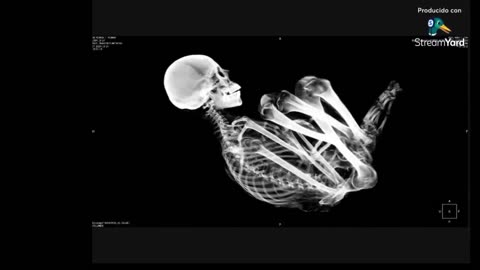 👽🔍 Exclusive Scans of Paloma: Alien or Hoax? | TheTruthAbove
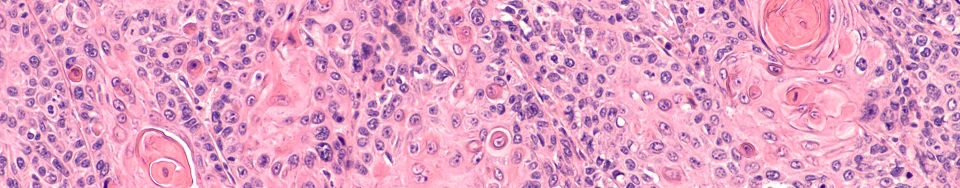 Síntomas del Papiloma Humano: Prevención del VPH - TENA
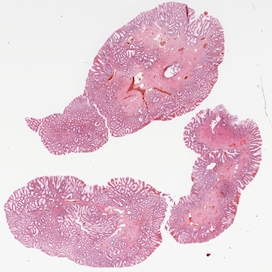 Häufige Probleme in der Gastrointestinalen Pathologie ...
#####
_Task prompt:_
When you return the listing, keep it exact and omit any pictures it holds.

_Expected output:_
 👽🔍 Exclusive Scans of Paloma: Alien or Hoax? | TheTruthAbove
 Síntomas del Papiloma Humano: Prevención del VPH - TENA
 Häufige Probleme in der Gastrointestinalen Pathologie ...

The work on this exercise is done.